Goody, More Senate Prediction Models

When it comes to predicting the outcome for the Senate, the more models, the merrier.
Senate Minority Leader Mitch McConnell probably won't know if his party has a majority until after Election Day.

Since I wrote on Senate elections last week, two more high-quality prediction systems have emerged: Presidential election forecaster Sam Wang is back and looking at Senate polls, and the HuffPollster gang is turning their charts into forecasts.

As with the Drew Linzer/Daily Kos model I looked at last week, both of these are poll-driven. That is, they ask what is likely to happen in November, given the polls to date. That contrasts with systems that put some or more weight on "fundamentals" of elections, on the assumption that early polling may be misleading because it ignores considerations such as district partisanship, national trends and candidate recruitment, all of which may kick in as the campaign goes along.

Right now, in aggregate, the polls-only versions are more favorable to Democrats. So Daily Kos has a 55 percent chance of at least 51 Republican seats; HuffPollster is at 48 percent; and Sam Wang gives Republicans a 35 percent chance for control. Contrast that with the mixed-input Monkey Cage/Washington Post model, which gives Republicans a 52 percent chance of having at least 51 seats, and the New York Times, which gives them a 66 percent chance at a Senate majority. The full-blown 538 model should be coming soon, but Nate Silver's preliminary look, also with mixed input, also favored Republicans (and there are also, mainly from political scientists, fundamentals-only models, which I should write about separately).

Who to trust? Almost everyone agrees that polls are increasingly better for predicting outcomes as the election draws closer. And almost everyone agrees that well in advance, fundamentals are more useful. So one way to look at the differences is that right now Democrats are doing a bit better than the fundamentals suggest -- and that we have no way of knowing how that will play out by November.

Beyond that, the polling-only models may differ on a lot of things. Which polls should be included? Should low-quality or partisan polls be given equal weight, discounted, adjusted or dismissed? How should polling averages be estimated -- how do the models treat polls as they get older? And in projecting forward, how "linked" are the various races -- how likely is it that Kentucky, Alaska, Louisiana and Iowa will all move independently of one another because contest-specific electioneering matters, and how likely is it that they'll move together as part of late-breaking national trends? And of course "fundamentals" or mixed models can vary, too, on many dimensions, including the precise economic variables to use, what counts as a "quality" candidate and how much any of those variables matter. Even if purely derived from past data, modelers must make choices about how they examine the past that will have important implications for how they predict the future.

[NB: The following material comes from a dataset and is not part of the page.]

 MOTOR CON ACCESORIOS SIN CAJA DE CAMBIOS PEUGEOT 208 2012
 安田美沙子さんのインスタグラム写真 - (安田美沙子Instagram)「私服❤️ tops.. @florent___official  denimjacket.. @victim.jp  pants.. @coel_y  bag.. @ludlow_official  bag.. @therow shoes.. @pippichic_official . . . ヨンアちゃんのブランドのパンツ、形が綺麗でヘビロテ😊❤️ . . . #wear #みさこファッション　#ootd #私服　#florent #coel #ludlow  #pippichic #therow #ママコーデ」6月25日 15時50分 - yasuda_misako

I'll continue to emphasize that the headline numbers suggest unearned precision. Most of these modelers, most of the time, don't really make unsupported claims -- but the numbers often suggest more certainty than the prose claims, and both the headline writers and the chart designers rarely include important caveats.

So we shouldn't trust any single model, or even a single average of the various models. Instead, the best way to read all of this is to focus on the range, both in individual models when supplied by the authors, and across models. That's going to give smart readers uncertainty, and that's exactly what we all should be experiencing right now. If you want certainty, try the U.S. House: It's going to stay Republican. But we don't know who is going to win the Senate, and there's a very good chance we won't on Election Day morning, or on Election Day night -- until Alaska comes in, and even then we may have to wait for Louisiana to hold a runoff to really know. Or not; the range is still large enough that both solid Republican or solid Democratic control are each very plausible. But for now, the right attitude isn't to try to figure out which model to trust; it's that we're better off the more we know, and each reasonable model adds to our general sense of how things things are going.